[Dataset records Boundary: Start]
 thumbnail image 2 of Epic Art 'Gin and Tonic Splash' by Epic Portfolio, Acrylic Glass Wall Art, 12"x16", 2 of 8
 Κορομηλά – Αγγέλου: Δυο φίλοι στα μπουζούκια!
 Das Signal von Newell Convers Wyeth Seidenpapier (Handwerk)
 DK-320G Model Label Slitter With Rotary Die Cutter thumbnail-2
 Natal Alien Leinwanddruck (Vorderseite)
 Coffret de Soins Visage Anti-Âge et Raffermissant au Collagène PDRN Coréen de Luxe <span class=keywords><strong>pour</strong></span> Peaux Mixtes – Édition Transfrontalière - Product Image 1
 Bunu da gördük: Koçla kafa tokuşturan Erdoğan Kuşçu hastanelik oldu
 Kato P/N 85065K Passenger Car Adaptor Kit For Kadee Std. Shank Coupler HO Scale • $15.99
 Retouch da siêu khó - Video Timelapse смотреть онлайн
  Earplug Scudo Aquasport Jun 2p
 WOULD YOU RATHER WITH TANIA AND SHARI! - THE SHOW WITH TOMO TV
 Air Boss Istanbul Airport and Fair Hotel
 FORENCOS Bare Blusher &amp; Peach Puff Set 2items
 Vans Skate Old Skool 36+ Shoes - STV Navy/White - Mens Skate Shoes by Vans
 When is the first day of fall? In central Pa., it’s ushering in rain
[Dataset records Boundary: End]
Exercise goal:
Reproduce, exactly and without additions, the run of lines from the start of the listing above to the line bearing "Kato P/N 85065K", inclusive.

Solution below:
 thumbnail image 2 of Epic Art 'Gin and Tonic Splash' by Epic Portfolio, Acrylic Glass Wall Art, 12"x16", 2 of 8
 Κορομηλά – Αγγέλου: Δυο φίλοι στα μπουζούκια!
 Das Signal von Newell Convers Wyeth Seidenpapier (Handwerk)
 DK-320G Model Label Slitter With Rotary Die Cutter thumbnail-2
 Natal Alien Leinwanddruck (Vorderseite)
 Coffret de Soins Visage Anti-Âge et Raffermissant au Collagène PDRN Coréen de Luxe <span class=keywords><strong>pour</strong></span> Peaux Mixtes – Édition Transfrontalière - Product Image 1
 Bunu da gördük: Koçla kafa tokuşturan Erdoğan Kuşçu hastanelik oldu
 Kato P/N 85065K Passenger Car Adaptor Kit For Kadee Std. Shank Coupler HO Scale • $15.99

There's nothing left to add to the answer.